Negotiators envisage putting a UN agency in charge of certifying these emissions reductions, and that is where the potential problem lies.
The UN already has an offset system known as the Clean Development Mechanism (CDM), set up by the Kyoto Protocol. Based in Bonn, the CDM has approved 1,938 projects with about 328 million metric tonnes of annual carbon offsets, called Certified Emissions Reductions, or CERs. The current value of the CDM offset market is a relatively paltry $6.5 billion, with Britain buying about 28 per cent of the total. But that amount could soar if a deal is sealed following “Hopenhagen”.
The Clean Development Mechanism sounds like a solid system: projects have to be certified by a board of governors elected by the governments involved. But it has already been criticised for certifying projects that do not cut greenhouse gases below “business as usual” (cuts that, in the jargon, do not provide “additionality”.)
Michael Wara, a Stanford law lecturer and leading critic of the mechanism, testified to Congress this year: “There has been and will continue to be substantial crediting of business-as-usual behavior within the CDM.
“This crediting of counterfeit emissions reductions is likely to be a hallmark of any real offset programme. The crux of the problem is the inability in practice to tell which of the many applicants for carbon offsets are telling a genuine story regarding emissions reductions, and which would have installed cleaner technology even in the absence of the carbon market.”
The lesson of the Oil-for-Food scandal is that such a system almost begs decision-makers to make politicised, if not outright corrupt, rulings.
From 1996 to 2003 the UN supervised the sale of $64 billion of Iraq’s oil and its use of the money to buy humanitarian goods such as food and medicine. Saddam Hussein was able to corrupt the humanitarian programme through and through.
Dozens of politicians and influential business leaders around the world received pay-offs from Iraq in the form of vouchers to sell underpriced Iraqi oil. The head of the UN programme was charged with corruption for allegedly taking cash bribes from the brother-in-law of the former UN Secretary-General, Boutros Boutros Ghali. The company that employed the son of Kofi Annan, the UN chief at the time, won a key inspection contract from the UN. The list goes on and on.
Years later it emerged from a defector that the Russian UN overseer entrusted with pricing Iraq’s oil was actually a serving Russian military intelligence officer who diverted almost half a billion dollars to top Russian officials.

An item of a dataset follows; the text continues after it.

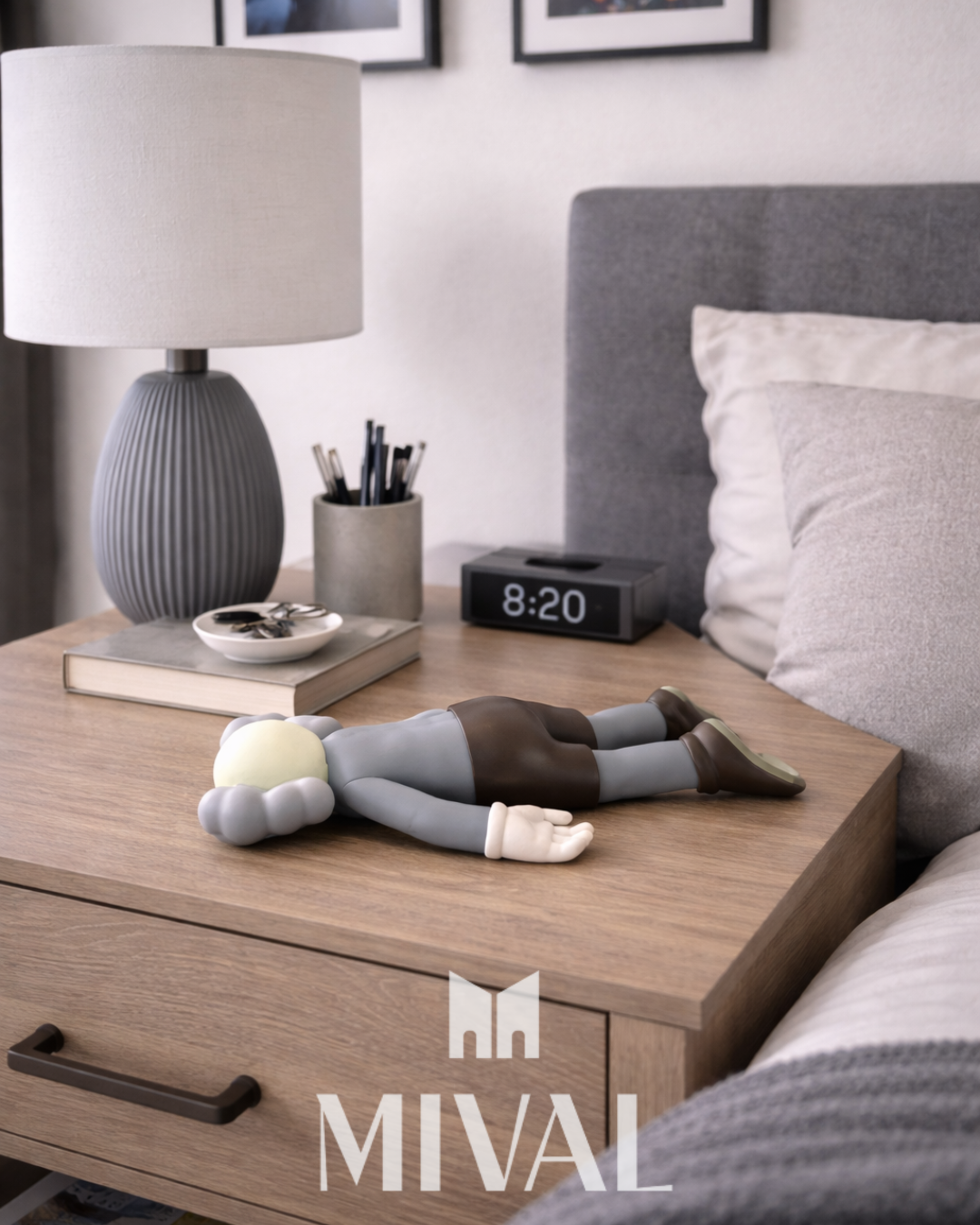 KAWS ACOSTADO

Even where UN officials were elected, corruption surfaced. The elected Russian head of the UN’s powerful budget oversight committee was convicted in a US court and sentenced to four years in prison.
The UN record bodes exceedingly ill for the expanded offset system foreseen by the Copenhagen leaders. Third World governments have an obvious interest in promising emissions reductions that they do not deliver; UN officials will be under intense pressure from those governments to certify the promised emission reductions. Indeed, these official might also — perish the thought — get bribed by the firms that stand to benefit.
It’s a recipe for what Saddam might call the Mother of All Scandals.